Davide Riccio, in arte DeaR, classe ‘66, scrittore, giornalista, educatore e polistrumentista. Esordisce negli anni ‘80 con svariati gruppi torinesi, compone e scrive da sempre, la sua musica ha influenze da ogni dove, tipiche di chi è avido di conoscenza e che poi ascolta, apprende, rielabora e plasma attraverso un processo tutto personale per dare forma alle sue canzoni. Tali influenze sono individuabili dopo pochi ascolti del suo triplo cd “Gli Altri”.
“Ho avuto il piacere di ascoltare il tuo album “Gli Altri” e sono rimasto colpito dalle molteplici influenze musicali che emergono fin dai primi ascolti, dal jazz alla musica elettronica, fino al punk e ai richiami a sonorità orientali. Puoi raccontarmi di più su queste influenze e su come si sono integrate nel tuo lavoro?”

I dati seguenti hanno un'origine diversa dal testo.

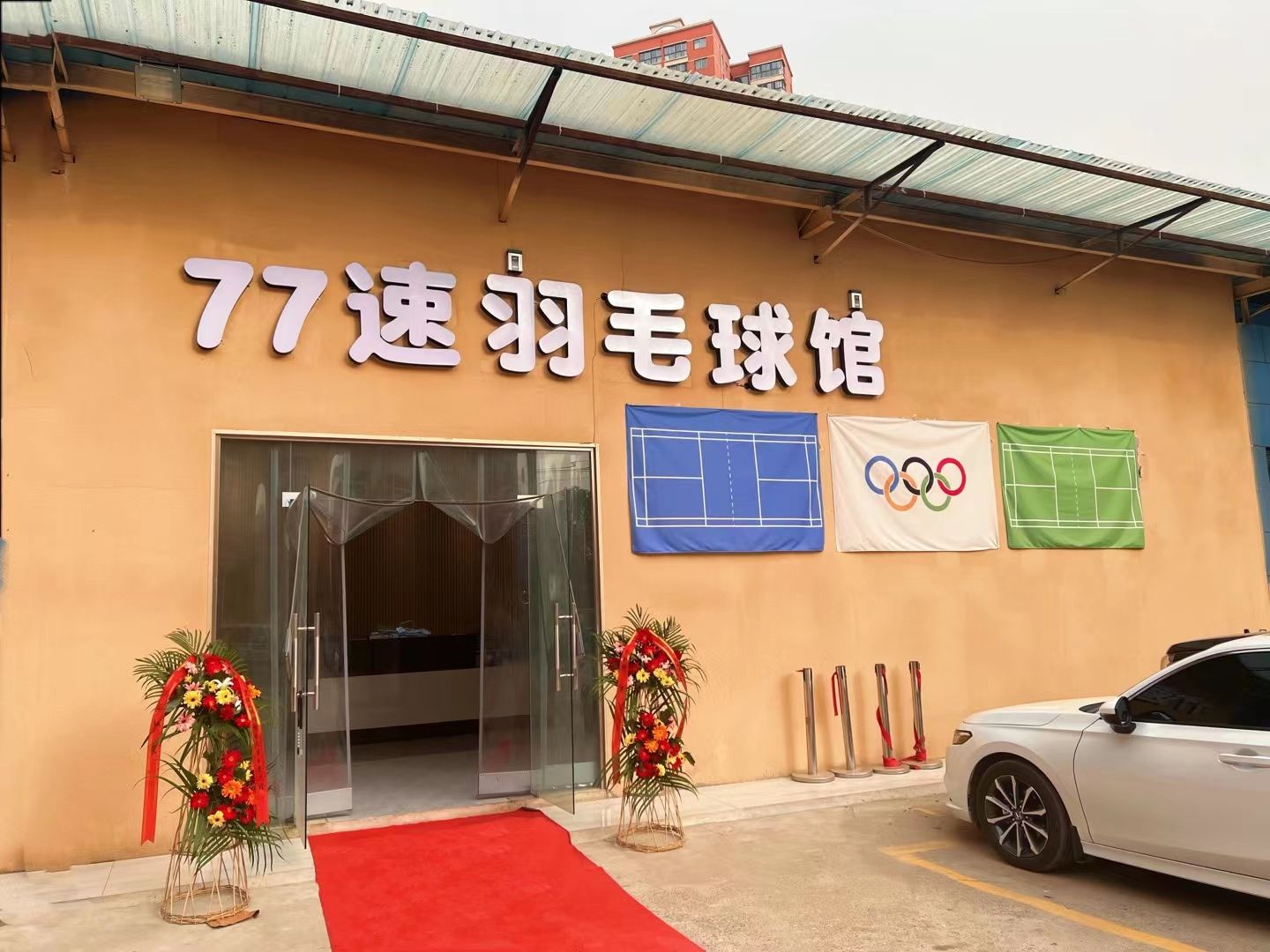 场地封面-77速羽毛球馆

Grazie per il piacere provato. Il triplo cd “Gli Altri” raccoglie dieci anni di lavori in italiano dal ’91 al ’99 e segue il triplo cd in cui ho raccolto una selezione di lavori in inglese dall’81 – ormai lontano anno d’esordio – al ’90 (DeaR Tapes). In vent’anni cambiano molte cose, anche di più se si è mossi dalla curiosità di esplorare tutta la musica e di misurarsi con ogni modo possibile di farne. Mi piace ogni volta chiedermi come una determinata musica potrei invece farla io, anche quando non mi piaccia un genere in particolare. Ciò che integra è dunque la mia curiosità attraverso il filtro delle mie esperienze e del mio gusto compositivo e interpretativo personale. E così è anche per l’uso di ogni strumento musicale esistente. Ho sempre voluto illudermi di conoscere tutto. Sono ancora sotto l’influsso del mito del Dottor Faust fin da quando ne lessi a dodici anni, anche se oggi, a 58 anni (e 58 non a caso sono i brani scelti per questo disco), ho solo più punti interrogativi.

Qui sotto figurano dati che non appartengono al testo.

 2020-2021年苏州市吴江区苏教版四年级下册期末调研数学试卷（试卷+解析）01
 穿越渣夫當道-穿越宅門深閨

Cresciuto in un ambiente ricco di musica, si appassiona sempre più a differenti strumenti musicali. Raccontando com’è nata e si è sviluppata la sua carriera musicale, Davide ci racconta dell’ambiente in cui è cresciuto, ricco di musica e arte in generale. “La musica era bella e la bellezza mi ha sempre affascinato”, confessa, parlando di quella sensazione che l’ha accompagnato fin da ragazzino, quella di “sbirciare a volte dentro la breccia creatasi nel muro che ci separa da un antico giardino edenico e perduto.”